## Your task
Write each line exactly as it stands, from the line containing "American Widgeon Photo, Pick" through the end of the data.

## Given data
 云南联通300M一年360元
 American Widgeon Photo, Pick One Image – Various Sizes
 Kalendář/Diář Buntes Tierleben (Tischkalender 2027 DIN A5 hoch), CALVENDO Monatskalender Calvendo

## Solution for this exercise
 American Widgeon Photo, Pick One Image – Various Sizes
 Kalendář/Diář Buntes Tierleben (Tischkalender 2027 DIN A5 hoch), CALVENDO Monatskalender Calvendo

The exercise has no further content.